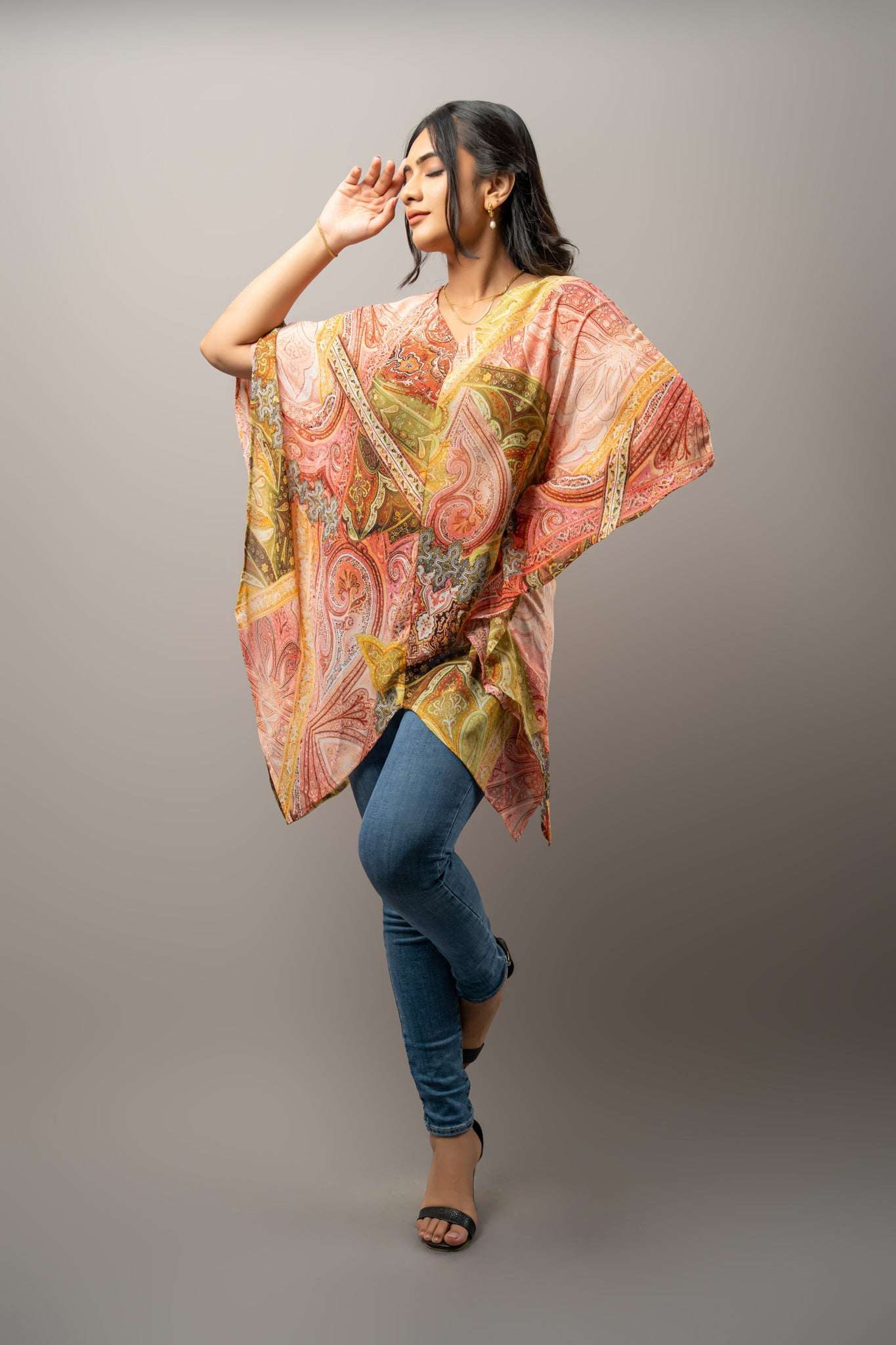 T206 l Caftan Top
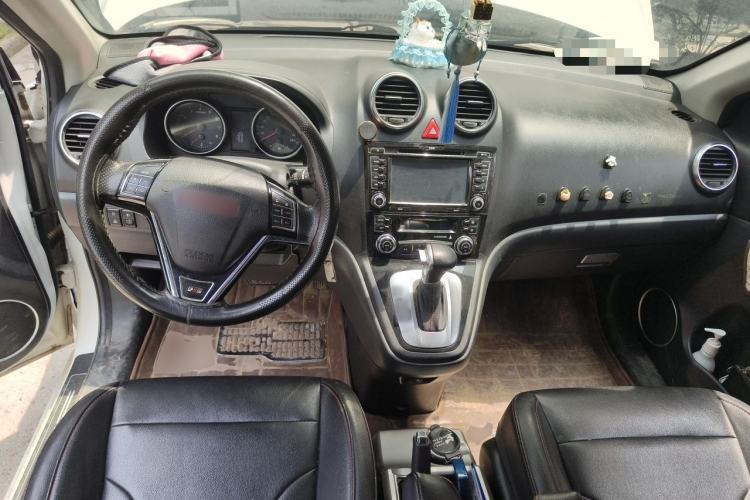 Used Haval H6 2013 Upgraded Model 2.4L Automatic Two-Wheel Drive Elite Version Center Console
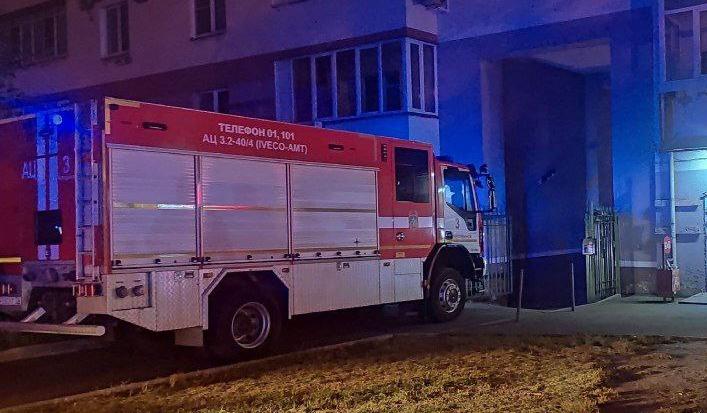 В доме по улице Работниц в Челябинске загорелись электрощитки на семи этажах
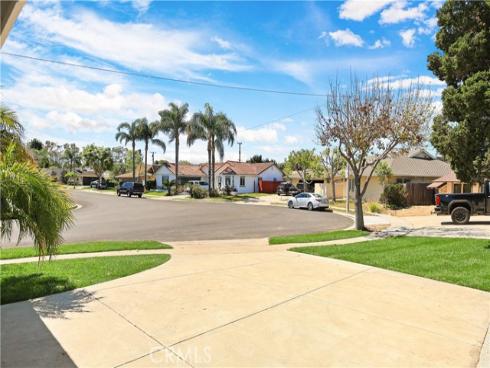 2861 Serang Place, Costa Mesa, CA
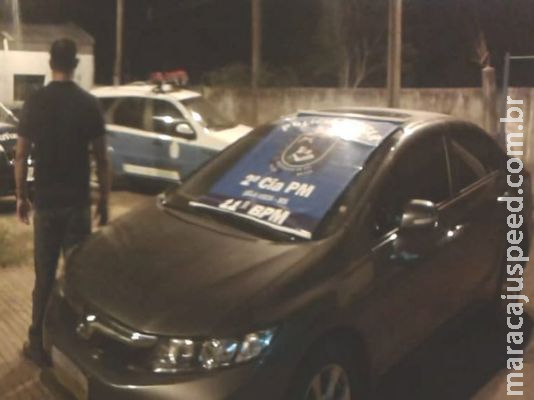 Polícia apreende veículo com identificadores adulterados e preparado para o transporte de entorpecente Polícia apreende veículo com identificadores adulterados e preparado para o transporte de entorpecente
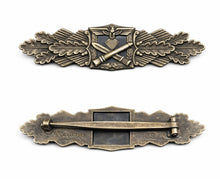 Carica l'immagine nel visualizzatore di Gallery, WW2 -X- Riproduzione Distintivo per Combattimenti Ravvicinati Bronzo
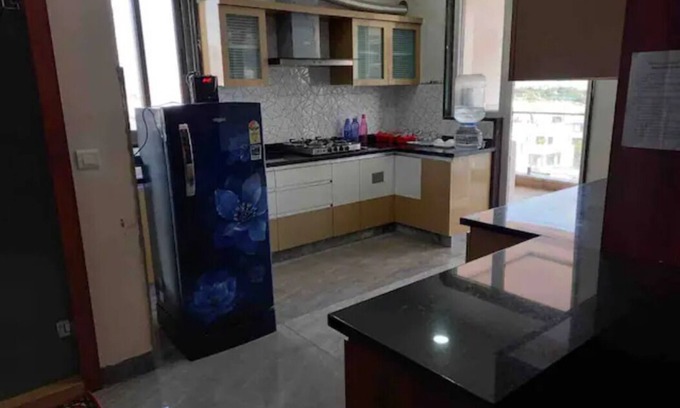 Financial District Apartment | Gachibowli*5TV*FreeWIFI,MaidServi,RO Water*Sleep12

***

Leaving all pictures out, output exactly the lines of the material above from the line with "2861 Serang Place, Costa Mesa, CA" to the line with "de entorpecente Polícia", both included.

 2861 Serang Place, Costa Mesa, CA
 Polícia apreende veículo com identificadores adulterados e preparado para o transporte de entorpecente Polícia apreende veículo com identificadores adulterados e preparado para o transporte de entorpecente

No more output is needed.